We’ll be addressing the practical side of our project by solving the tasks, interaction design, content design and usability; and we’ll address the emotional side of our project with a humanistic brand using plain English and speaking user needs. For our current project (the app), we’ll only focus on the practical side of the problem, leaving the emotional needs and communication to a more integrated marketing effort. I’ve only sketched the product vision so I could keep in touch with the larger context of our product.

2.2 Key user groups

People who lost&found a pet and people who lost forever a pet seemed at first the natural assumptions for user groups, but product reviews and competitive analysis suggest a better approach: consider first the people who proactively try to prevent a “lost pet” situation.

2.3 Persona

Our persona is either a hiking person enjoying the outdoors or someone who loves their pet to the point of considering them a human friend or a child. The practical side of our persona likes hiking or long walks in the nearby park or wood, while the emotional side of our persona wants to always know/control where their pet is. If there were no tracking devices like SmartPet, our persona would be terrified to get their dog out of the leash for a long walk in the park.

This description of our primary persona is inclusive enough for the “I’ve lost a dog in the past” group, but at the same time is different enough so as not to exclude people who have never lost a pet (who seem to be our best group).

The market leader’s slogan is “Never lose your dog again”, suggesting an appeal only to people who have already lost their dog (only 14% of all dogs).

2.4 Key tasks

In theory, there are three key tasks:

  1. See your pet location on a map;
  2. Create a “virtual” fence that warns you when your pet escapes it;
  3. Go after your pet when it has run away.

As we’ve seen before, the technology inaccuracies create a few major pain points when trying to deliver these apparently simple tasks. In practice, you need to also add these:

4. Reduce false alarms (indoors, outdoors at home);

5. Improve accuracy;

6. What to do and to know if you have lost a pet;

7. What to do if you have no coverage when walking with your pet or going after a lost pet.

2.5 Pain points

2.6 Sketching and storytelling on main user needs to discover the real model of why, how and where pain points happen

In order to empathize with Chris, our persona, I’ve started sketching his four contexts, to help discover the reference points of the journey map.

If our product didn’t exist, Chris would ideally need an assistant to take care of his dog when he is busy with other stuff (work, family, leisure).
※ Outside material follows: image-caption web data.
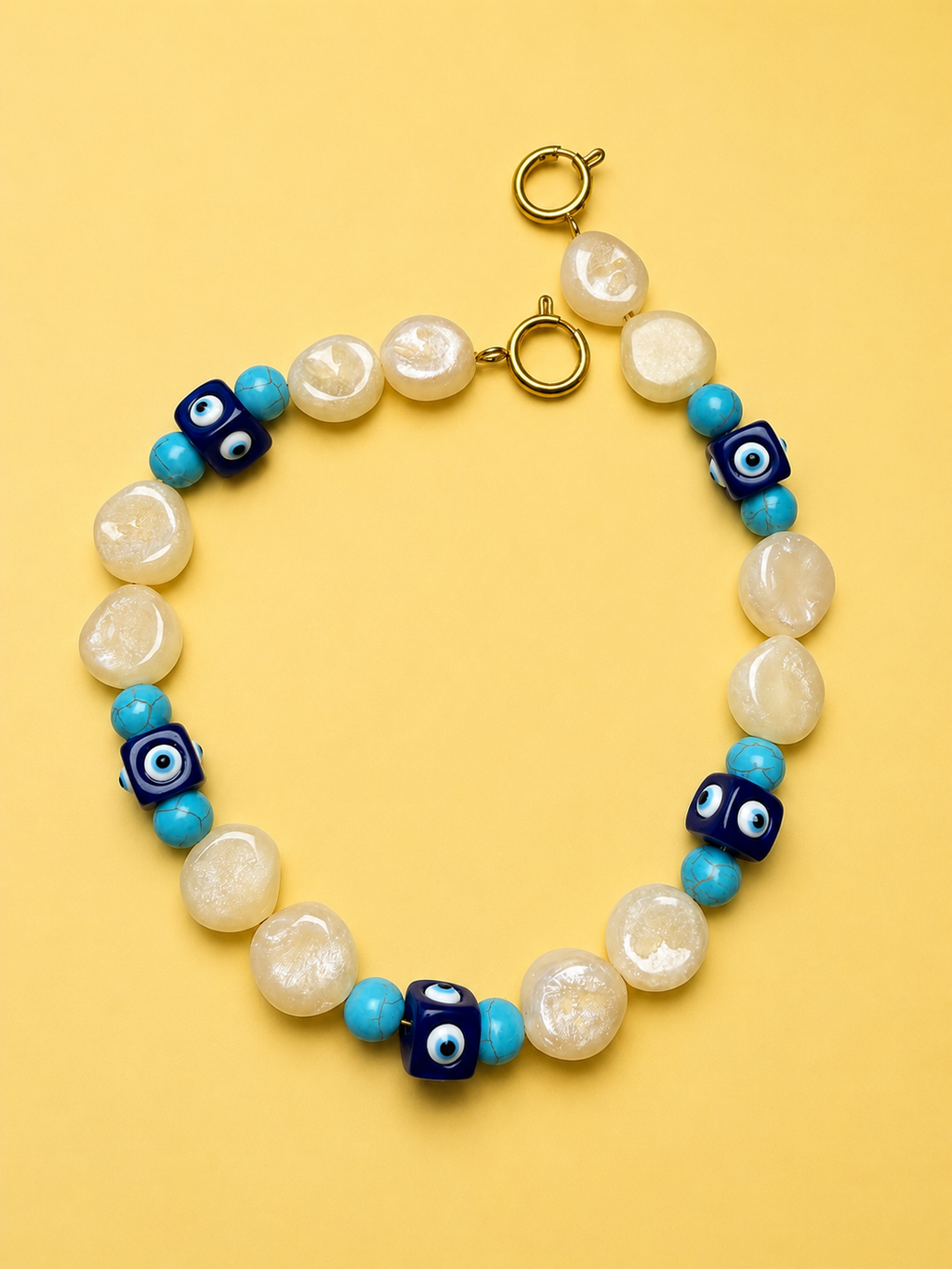 Mati: blue evil eye & cream resin bead bag charm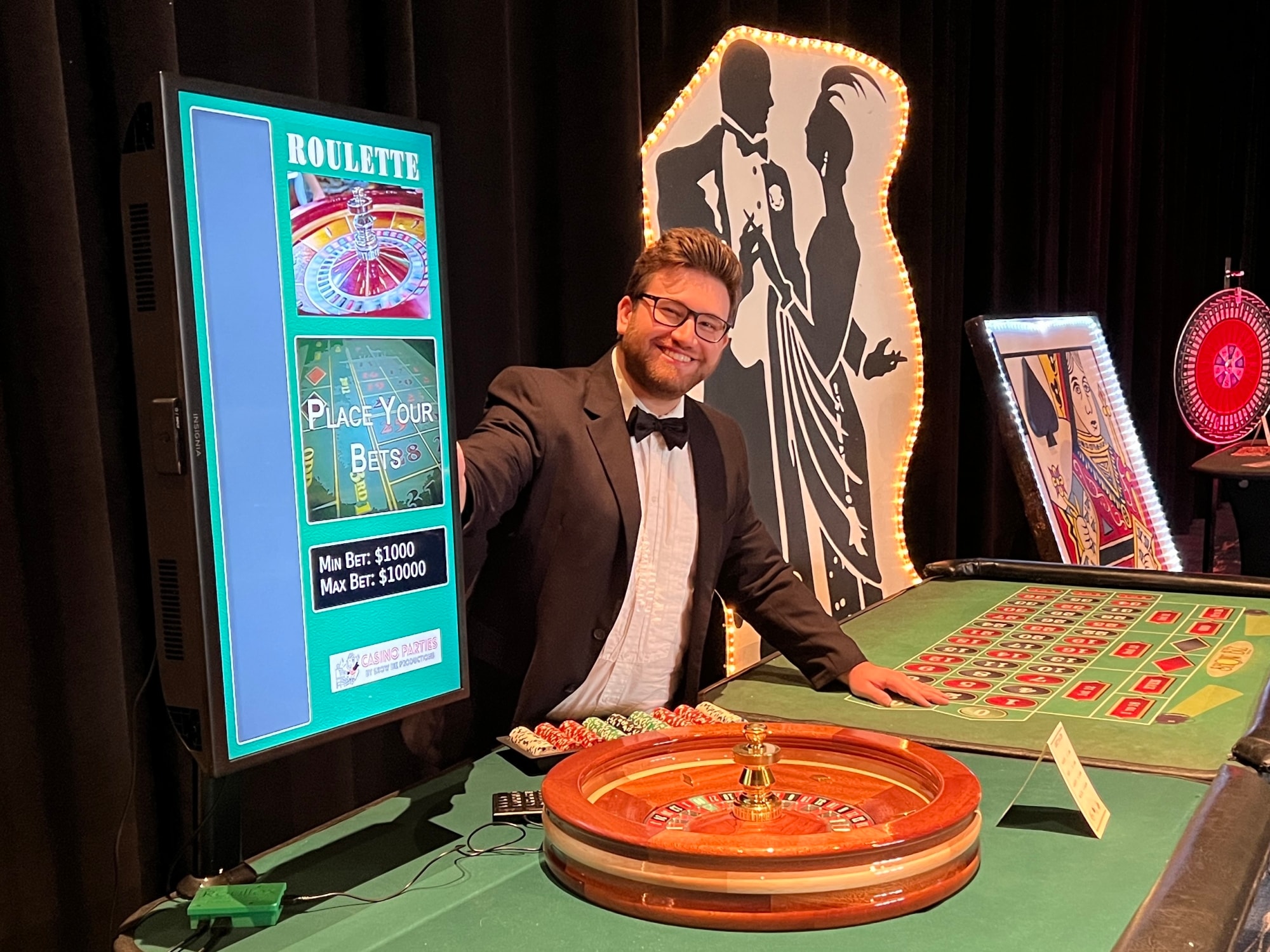 Smiling dealer posing at a roulette table with casino décor at a Washington DC Casino Party USA event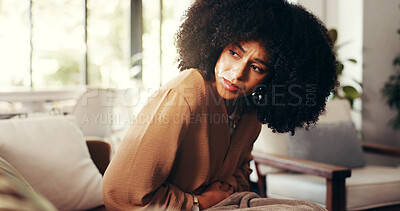Buy stock photo Girl, stomach and cramps or pain on sofa for menstruation, ovarian cysts and discomfort in lounge. Woman, home and abdominal ache for monthly cycle, period and tension or strain in house living room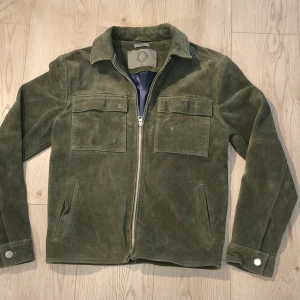 Olivgrön Human Scales mockajacka S - Olivgrön mockajacka från Human Scales, modell Rick storlek S. Fodret är mörkblått och jackan har klassisk krage och knappdetaljer vid ärmslut. Perfekt för dig som gillar stilren och cool look. Använd i nyskick. Meddela för frågor!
The assistant needs to be reliable (his current assistant, a competitor app+device, disturbs him with warning messages while the dog is just fine in the courtyard or in the house).
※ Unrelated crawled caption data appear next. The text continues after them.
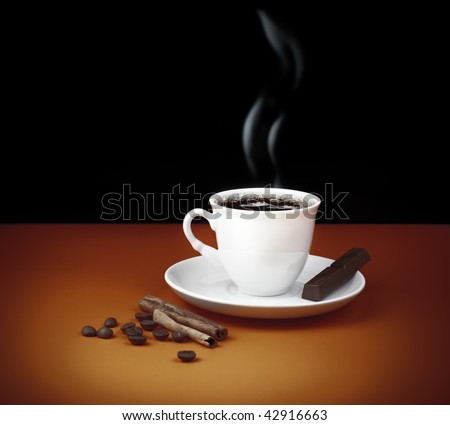 Black coffee cup with steam and piece of chocolate, beans and cinnamon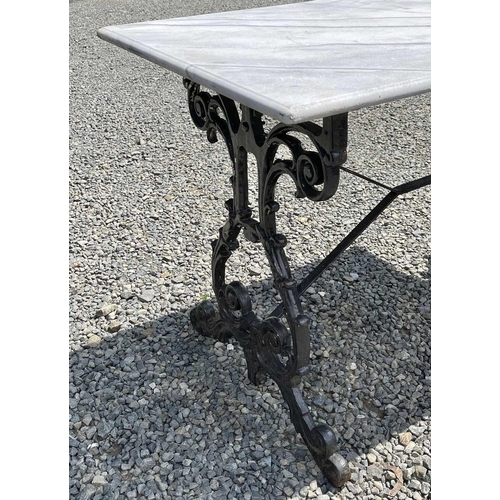 613 - A black painted cast iron garden table with rectangular marble top. Height 69.5cm, width 109cm, dept... 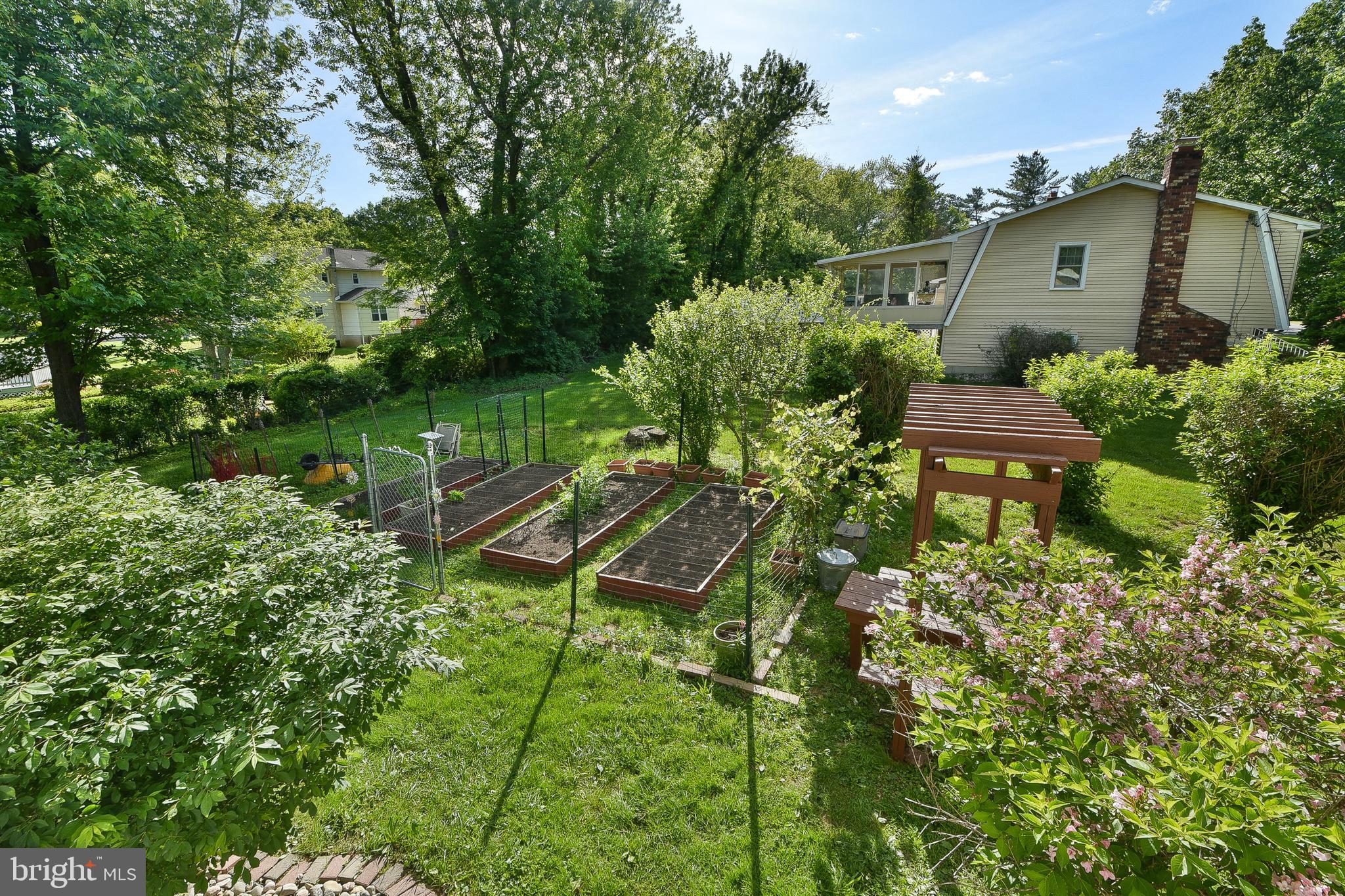 192 Bull Run Road Ewing, NJ 08638 - Photo 41 of 46 a view of a garden with plants and a bench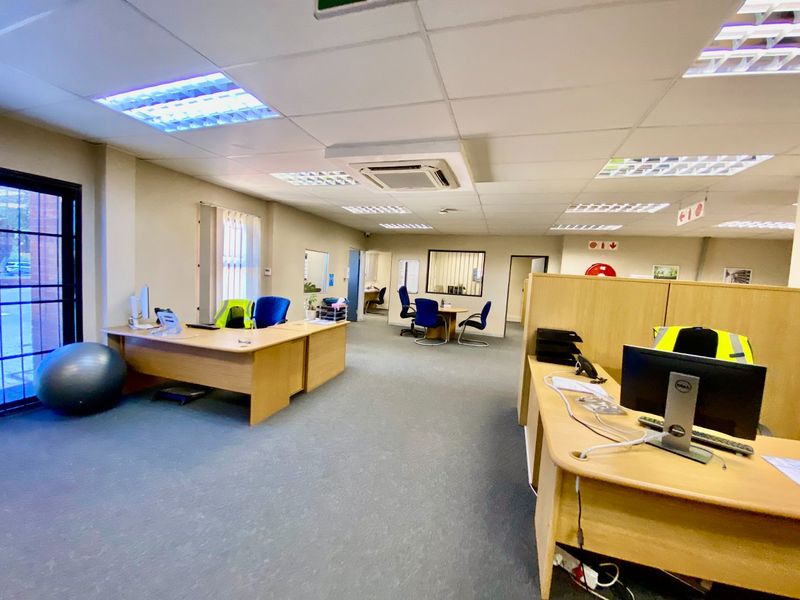 Open-plan industrial office space featuring suspended ceilings, recessed lighting, ducted air conditioning, and carpeted flooring with integrated partition walls.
Chris needs this type of assistant in three contexts that cover most cases:

  1. Working and getting busy at home while the dog is in the house or in the courtyard;
  2. Walking in the park or in the wood near the park;
  3. Working at a client’s office during the day, while the pet is either in the garden or taken care of by someone else (this is basically a sharing option that delegates someone else to look after a pet in case it runs away. I will leave this context to a future phase).
Sketching the three contexts in Miro

2.7 Journey map

After I sketched our persona context, I drafted a journey map covering a full day, touching on the first phase pain points. This exercise proved the most significant way to engage in a realistic manner with all the research and insights gathered so far. From the outside, journey maps can seem maybe just formal documents, but to better understand what I was going to solve, the journey map exercise was an eye-opening lesson.

The real model — what causes the false alarms (and their usual contexts)
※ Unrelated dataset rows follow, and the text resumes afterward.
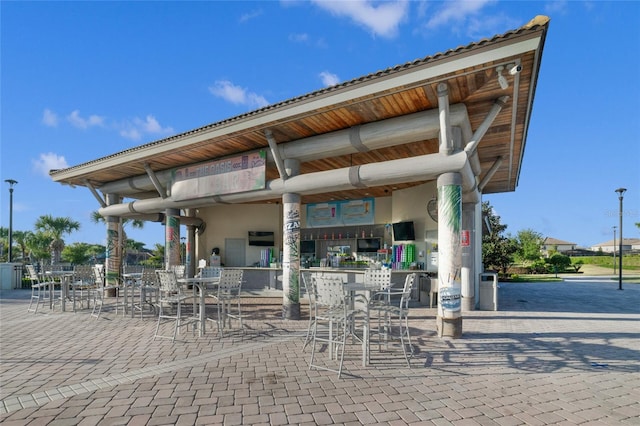 view of patio with an outdoor bar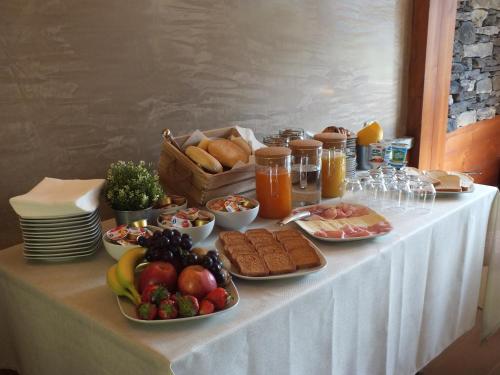 a table topped with plates of food and fruit at Garden View in Anfo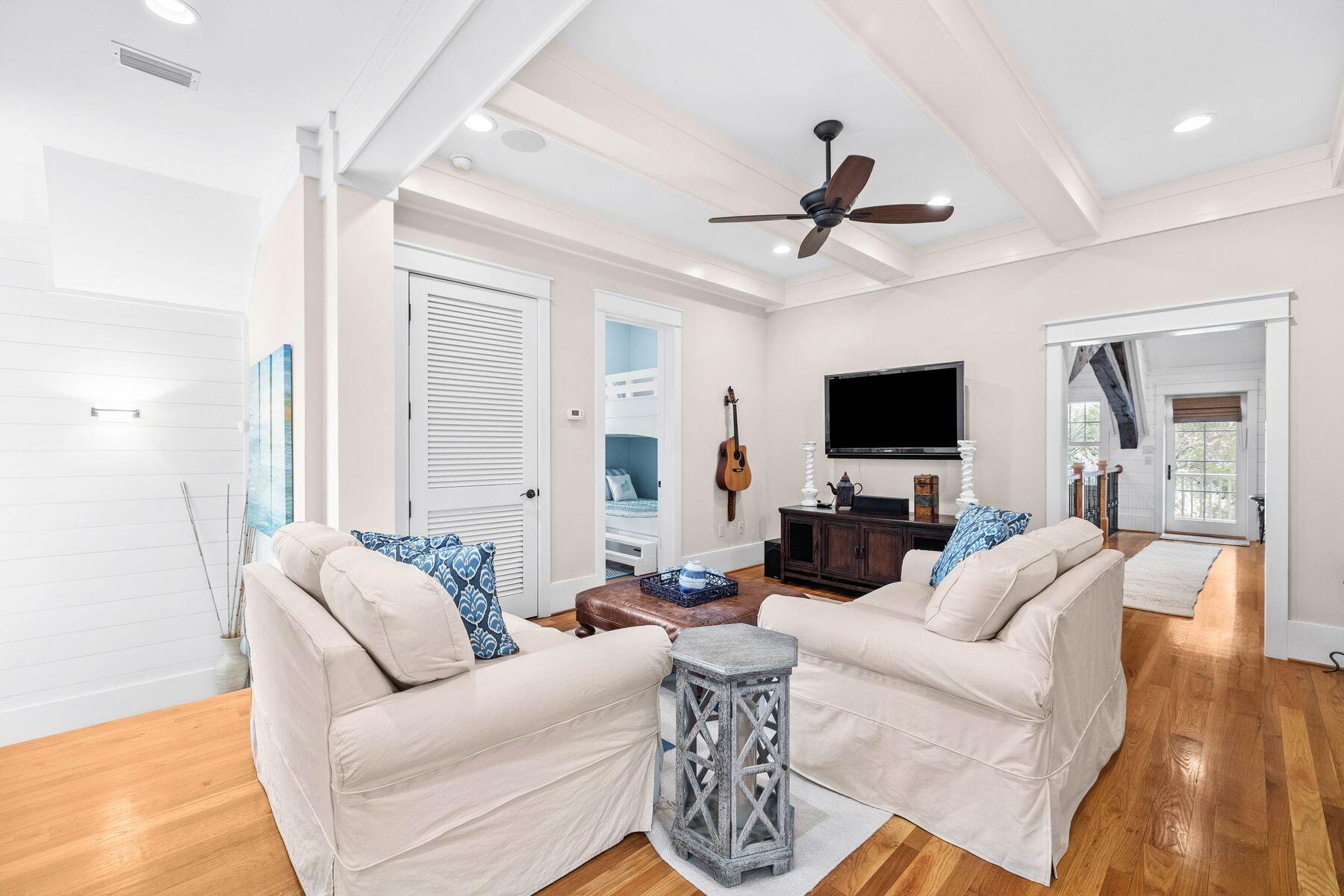 76 Tidepool Lane Watersound, FL 32461 - Photo 25 of 41 a living room with furniture a ceiling fan and a flat screen tv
Currently, existent products trigger false alarms because of two main causes that can work independently or combined:

Cause 1

When GPS is available, its poor accuracy (represented by the location blue circle) crosses the safe fence, triggering a false alarm. The best accuracy for GPS tracking devices for pets is an 8m radius circle in best weather conditions and good sky exposure (to at least four GPS satellites). In less than perfect conditions, this 8m radius guess area — the blue location circle — increases. This becomes a major nuisance when you’ve set up a fence because the accuracy error can easily fall off the safe virtual fence area, which you’d usually set up just around the courtyard (and it might not be wider than 16m).

Cause 2

When the minimum of four GPS satellites required to calculate location is not available (eg you’re indoors, in a heavy forest, near tall buildings, or in bad weather), tracking switches to cell towers, which have much lower accuracy (for 5G it’s up to 200m radius, for 4G up to 1km, for 3G up to 2–3km, and for 2G up to 4–5km). Cell towers’ low accuracy always crosses the safe fence, triggering false alarms. Google Locations tries to solve this situation by moving the location dot to the closest available nearby Wi-Fi that your tracker is detecting, but this can easily cross the safe fence, triggering a false alarm (illustrated below).

How do cached locations work?

Google, Apple and Microsoft regularly check your location and they gather your Wi-Fi ID too, in order to improve their Maps coverage (they do this anonymously, and only if you have the option enabled). In this way, they gather each Wi-Fi ID’s physical address. When cell tower accuracy is low and you have enabled “Use precise location” on the app, any Wi-Fi ID detected by the pet tracker is sent to Google/Apple/Microsoft, and they return the location stored in their Maps database.

Some Wifi’s are opted out from this, so you only get Wi-Fi’s that are available (you can change these settings from your phone location settings). If the pet tracker passes near an apartment building with many Wifi’s per sqm, the location shown on the map could be very accurate. But if your pet tracker is in heavy wood in a suburban area where there is only 3G coverage with an accuracy of 1km radius and no contributing Wifi nearby for Maps to detect, you’re most likely to have a problem.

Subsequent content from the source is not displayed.